■ WHAT TO WORK ON
For this exercise, copy exactly every line from the one holding "Cute Fox Necklace" through the end of the data, both included. Omit pictures.
═══ SUPPLIED INFORMATION
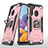 Silikon Hülle Handyhülle und Kunststoff Schutzhülle Hartschalen Tasche mit Magnetisch Fingerring Ständer MQ1 für Samsung Galaxy A21 Rosegold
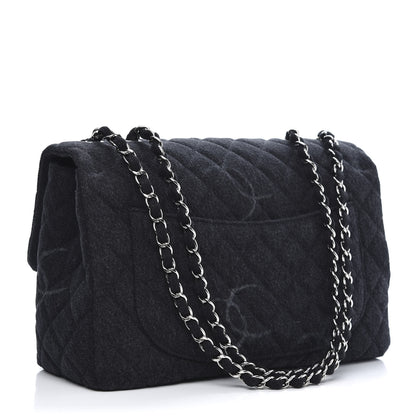 Chanel Denim Quilted CC Print Jumbo Single Flap Black 3 of 11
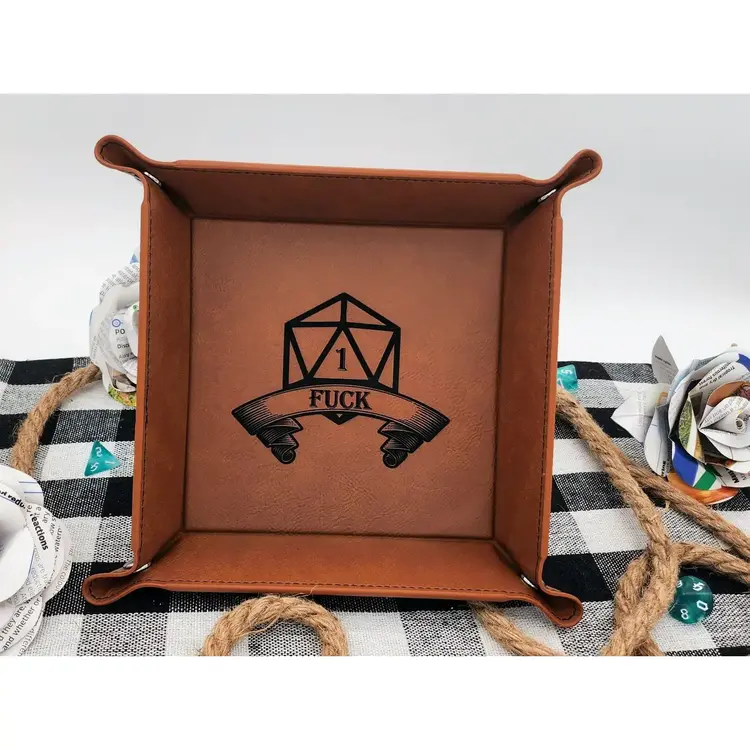 CRIT FAIL DICE TRAY WHITE WITH BLACK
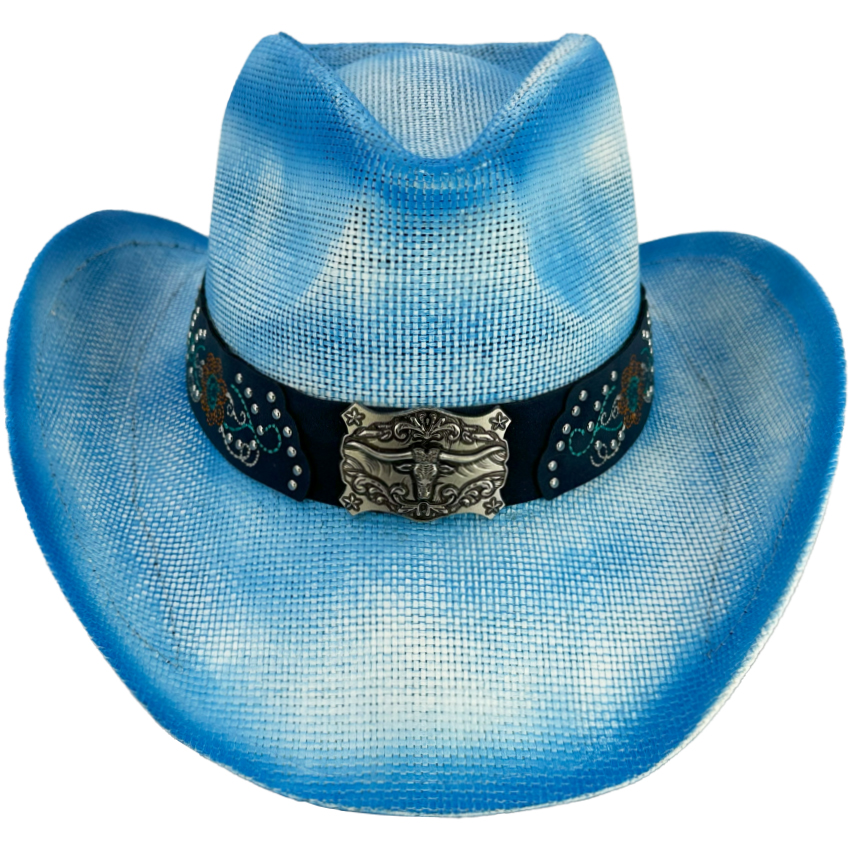 VINTAGE Blue Cowgirl Hats with High Quality Floral Embroidered Band and Bull Buckle - Cowboy Hats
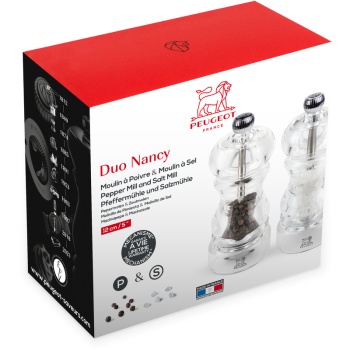 Набор мельниц для соли и перца NANCY Transparent 12см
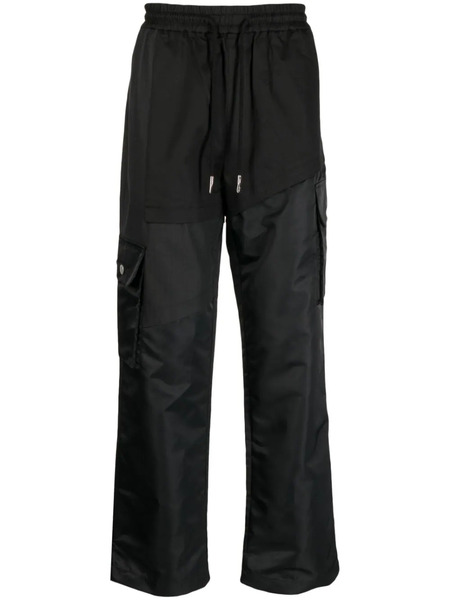  Feng Chen Wang Panelled Drawstring Wide-leg Trousers - Black 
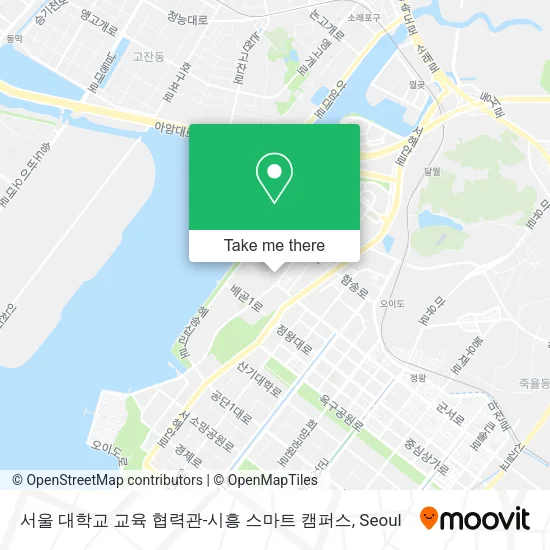 서울 대학교 교육 협력관-시흥 스마트 캠퍼스 map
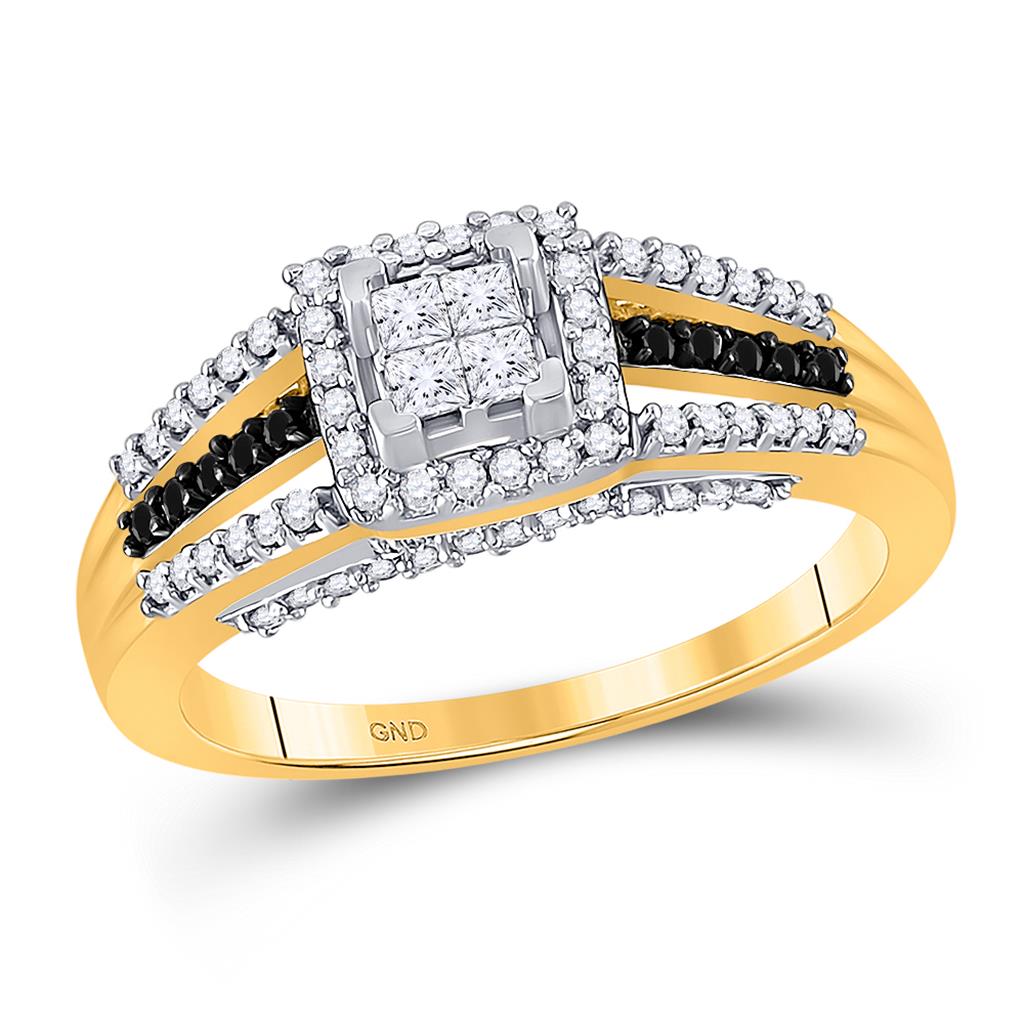 Image of ID 1 10k Yellow Gold Princess Black Diamond Cluster Ring 1/2 Cttw
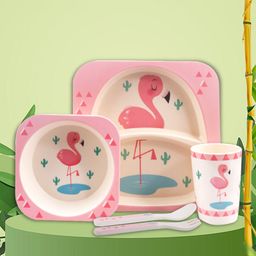 Tony Stark Bamboo Baby Feeding Set - 5-Piece Tableware for Toddlers, Kids & Babies Includes Plate, Bowl, Cup, Spoon, Fork - BPA-Free, Eco-Friendly |Organic & Natural (Flamingo)-5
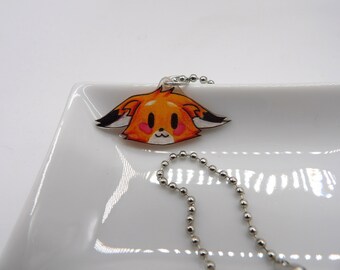 Cute Fox Necklace - Chibi Fox Necklace - Handmade Shrink Plastic Necklace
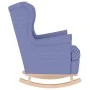 Silla mecedora de tela azul vaquero 74x90x102 cm de , Sillones - Ref: Foro24-4016930, Precio: 205,01 €, Descuento: %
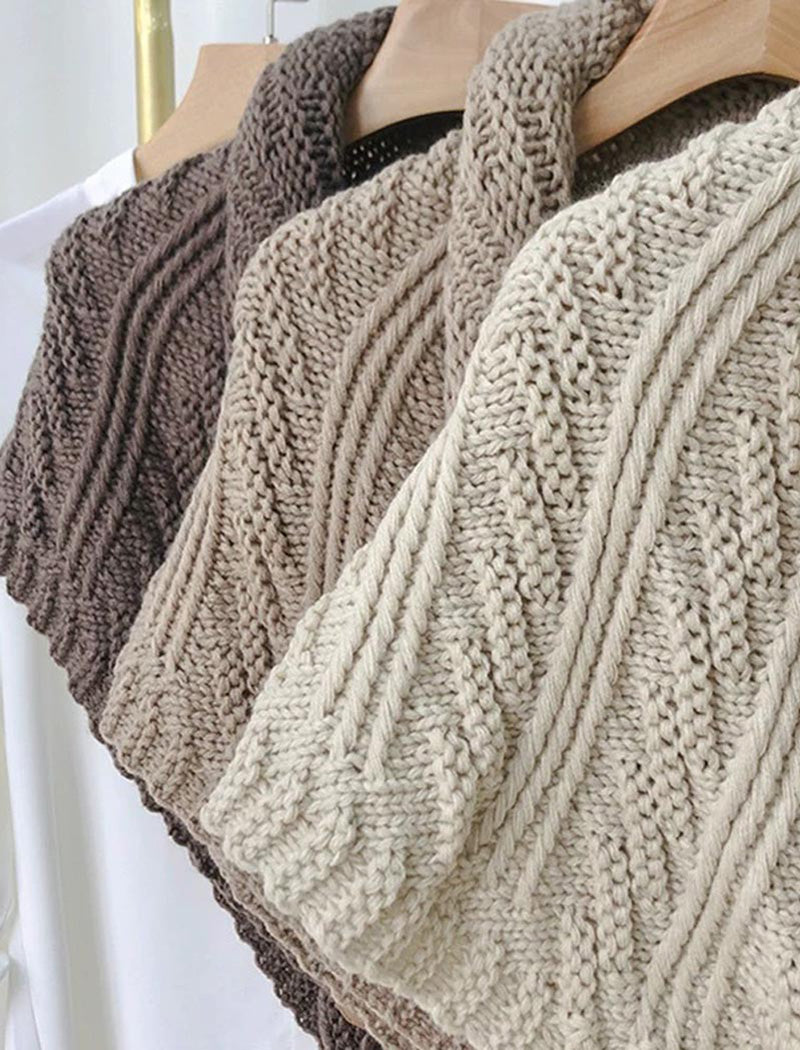 Cable Knit Wrap Shawl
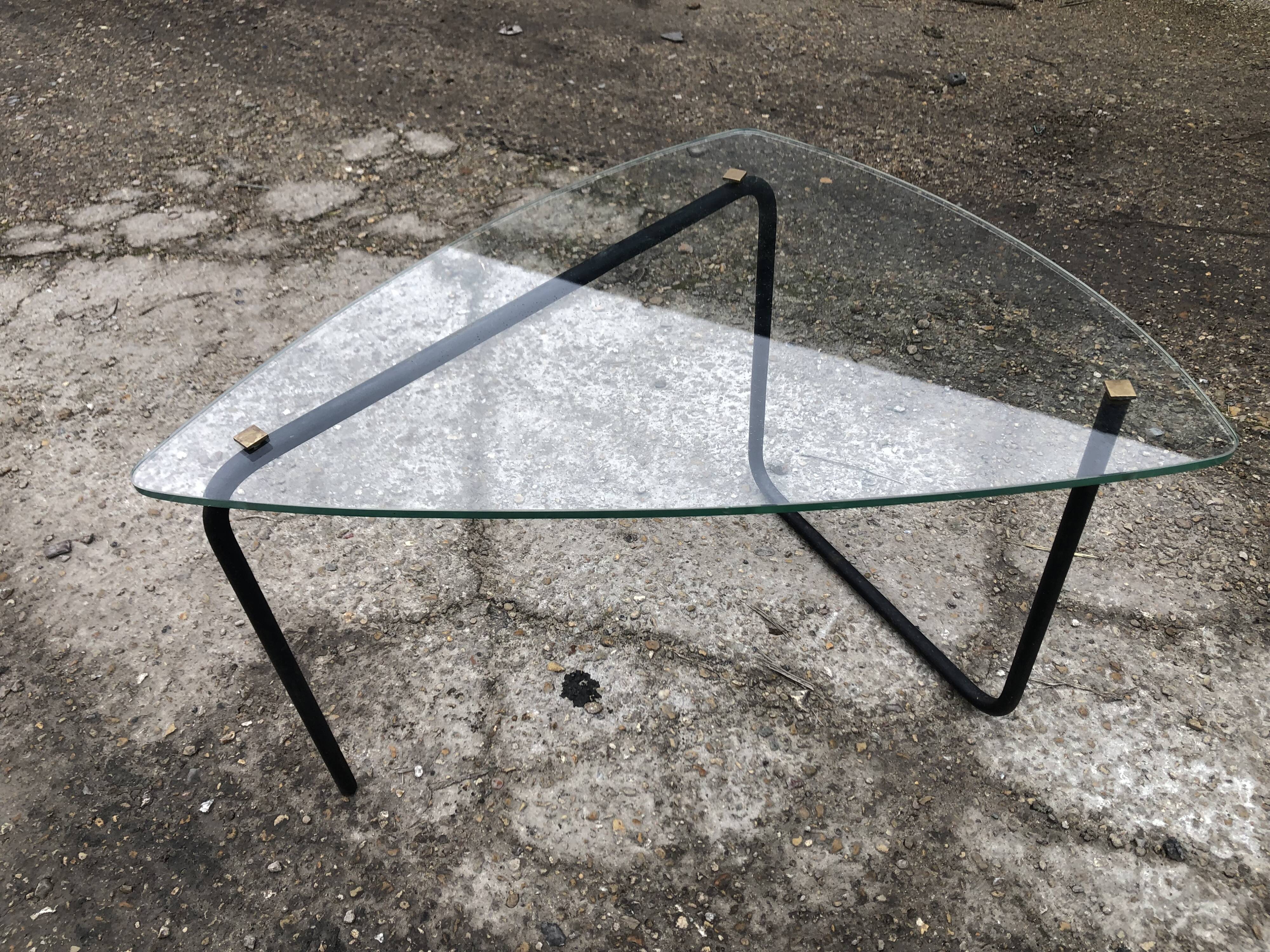 Vintage glass tripod coffee table 60s
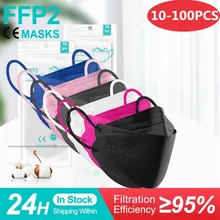 10-100 pces mascarillas ffp2 cor adulto máscara fpp2 certificadas españa peixes reutilizáveis máscara protetora kn95 mascherine ffpp2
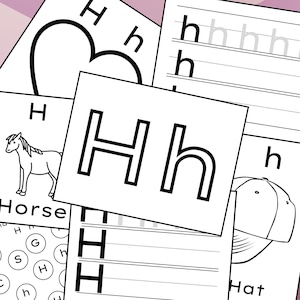 Hojas de trabajo de la letra H, hojas de trabajo de descarga digital del alfabeto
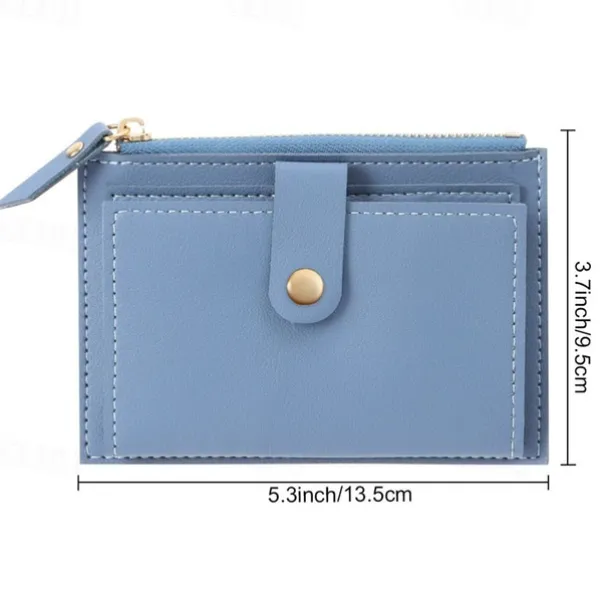 Women's Wallet Credit Card Holder Wallet PU Leather Daily Holiday Zipper Large Capacity Waterproof Lightweight Solid Color Black Pink Light Red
══════
■ EXERCISE ANSWER
 Cute Fox Necklace - Chibi Fox Necklace - Handmade Shrink Plastic Necklace
 Silla mecedora de tela azul vaquero 74x90x102 cm de , Sillones - Ref: Foro24-4016930, Precio: 205,01 €, Descuento: %
 Cable Knit Wrap Shawl
 Vintage glass tripod coffee table 60s
 10-100 pces mascarillas ffp2 cor adulto máscara fpp2 certificadas españa peixes reutilizáveis máscara protetora kn95 mascherine ffpp2
 Hojas de trabajo de la letra H, hojas de trabajo de descarga digital del alfabeto
 Women's Wallet Credit Card Holder Wallet PU Leather Daily Holiday Zipper Large Capacity Waterproof Lightweight Solid Color Black Pink Light Red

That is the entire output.